SOLUTION 11: Compute the area of the region enclosed by the graphs of the equations $y=x$, $y=2x$, and $y=6-x$ . Begin by finding the points of intersection of the three graphs. From $y=x$ and $y=2x$ we get that $$x = 2x \ \ \longrightarrow \ \ -x = 0 \ \ \longrightarrow \ \ x = 0$$ From $y=x$ and $y=6-x$ we get that $$x = 6-x \ \ \longrightarrow \ \ 2x = 6 \ \ \longrightarrow \ \ \ x = 3$$ From $y=2x$ and $y=6-x$ we get that $$2x = 6-x \ \ \longrightarrow \ \ 3x = 6 \ \ \longrightarrow \ \ x = 2$$ Now see the given graph of the enclosed region.

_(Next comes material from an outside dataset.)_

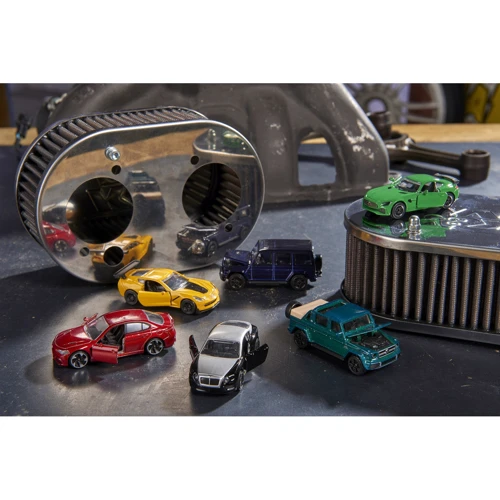 Машинка металлическая Majorette Premium 18 видов 7.5 см (2053052)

Using vertical cross-sections to describe this region, which is made up of two smaller regions, we get that $$0 \le x \le 2 \ \ and \ \ x \le y \le 2x$$ in addition to $$2 \le x \le 3 \ \ and \ \ x \le y \le 6-x \ ,$$ so that the area of this region is $$AREA = \displaystyle{ \int_{0}^{2} (Top \ - \ Bottom) \ dx + \int_{2}^{3} (Top \ - \ Bottom) \ dx }$$ $$= \displaystyle { \int_{0}^{2} (2x - x) \ dx + \int_{2}^{3} ((6-x) - x) \ dx }$$ $$= \displaystyle { \int_{0}^{2} x \ dx + \int_{2}^{3} (6-2x) \ dx }$$ $$= \displaystyle { \frac{x^{2}}{2} \Big\vert_{0}^{2} + \Big( 6x - x^{2} \Big) \Big\vert_{2}^{3} }$$ $$= \displaystyle { \Big( \frac{2^{2}}{2} - \frac{0^{2}}{2} \Big) + \Big( (6 \cdot 3 - 3^{2}) - (6 \cdot 2 - 2^{2}) \Big) }$$ $$= \displaystyle { \Big( 2 - 0 \Big) + \Big( 9 - 8 \Big) }$$ $$= \displaystyle { 2 + 1 }$$ $$= \displaystyle { 3 }$$